Wednesday 18 November 2015

RAID

I always forget what each RAID looks like. Here, I don't want to repeat the standard information but give some comparison and consequences of using each RAID. RAID 2 and 3 are not used any more, I suppose that the same holds for RAID 4. RAID 5 is a suitable solution for databases.

The main difference between RAID 4 and RAID 5 is that in RAID 4 you can have many reads at a time (if you don't check the parity for every read), but you cannot have many writes at a time because each write have to update the parity disk. The RAID 5 supports both many reads and many writes at the same time (providing the writes do not want to update the parity on the same disk). All the reads and writes for RAID 2 and RAID 3 are sequential (only one at a time) because all disks are involved in a single I/O.

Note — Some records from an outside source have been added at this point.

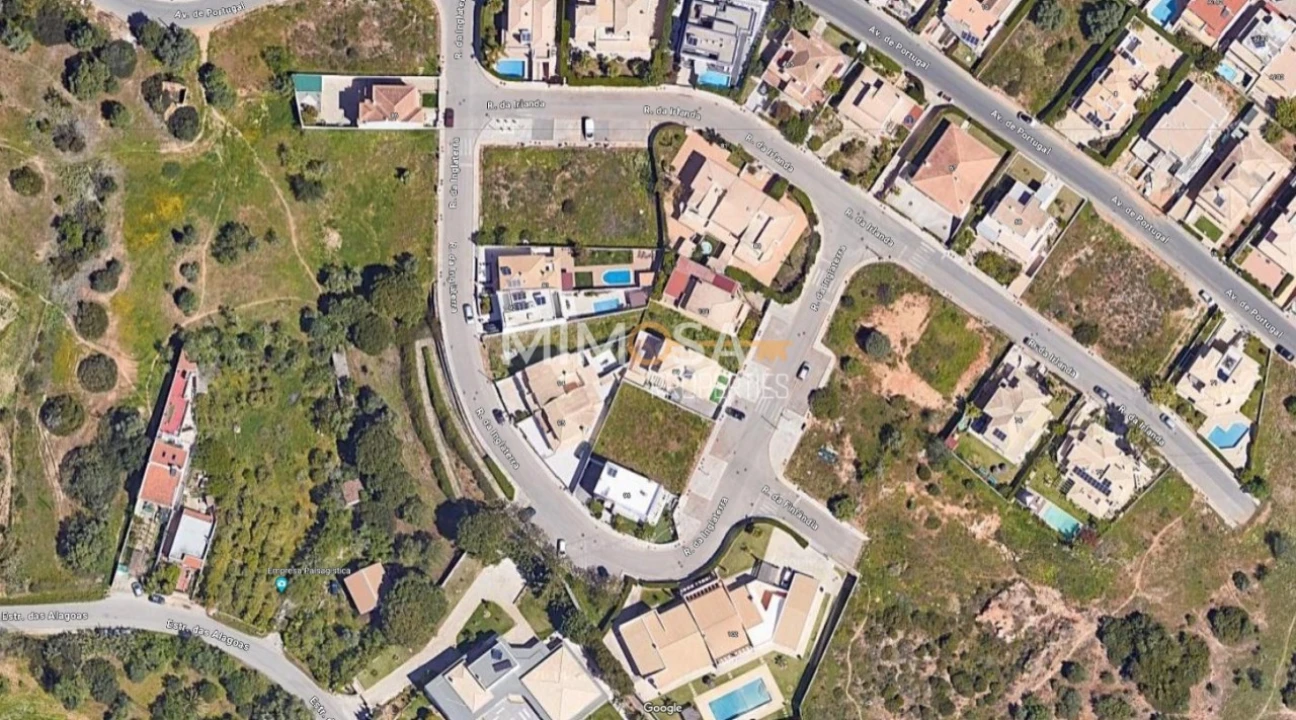 Terreno para Venda em Alvor Foto 15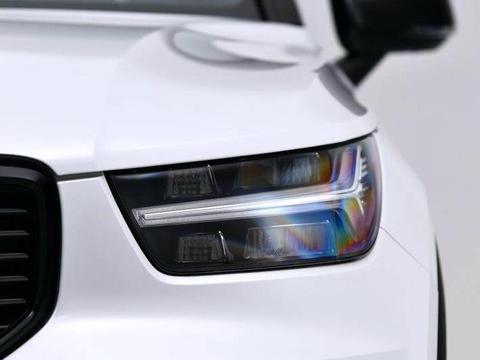 最便宜的沃尔沃来，颜值不输宝马X1，安全配置依旧标杆奥迪哭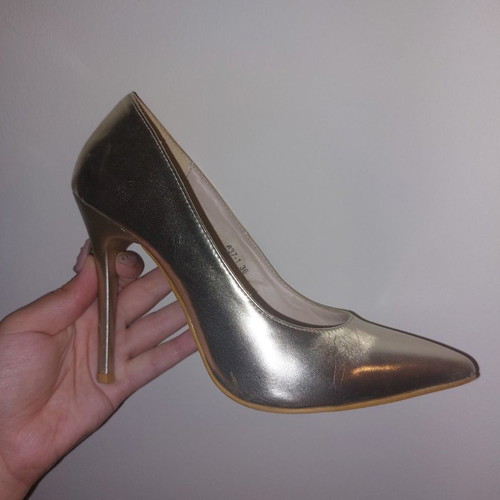 Gold high heels used, very good condition, size 37
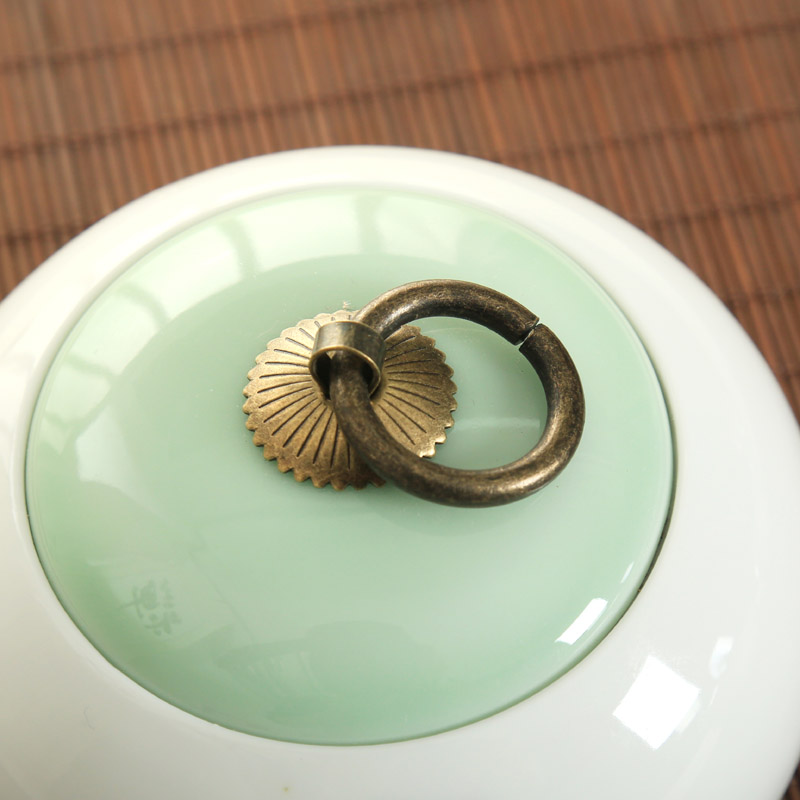 Is Yang sealed ceramic tea caddy fixings box travel warehouse storage tank mini pu 'er tea pot receives special tea set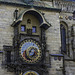 die astronomische Uhr auf der Südseite des Alten Rathauses in  Prag ... P.i.P.  (© Buelipix)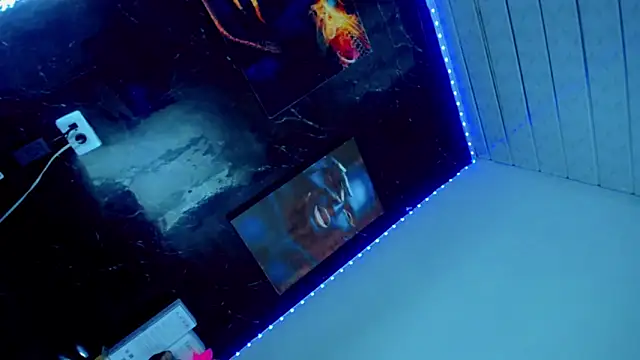 SaramyBigcock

You can use RAID 0 but once one of your disks fails, then you loose some data and it's difficult to recover.

The RAID can have a spare disk (not used for a time being) that can replace a disk which failed automatically, which means that we don't have to wait for a technician to replace the failed disk manually. It can speed up the recovery time. The only drawback of RAID is its price, RAID 5 for a dozen of disks costs about $6000 which is still a high price.

Many big companies have the same philosophy as RAID. In RAID we use many commodity disks to provide fast and reliable storage, which is still keenly priced when compared to one huge disk (even taking into account the RAID price). The huge IT companies use many commodity machines instead of beefy servers.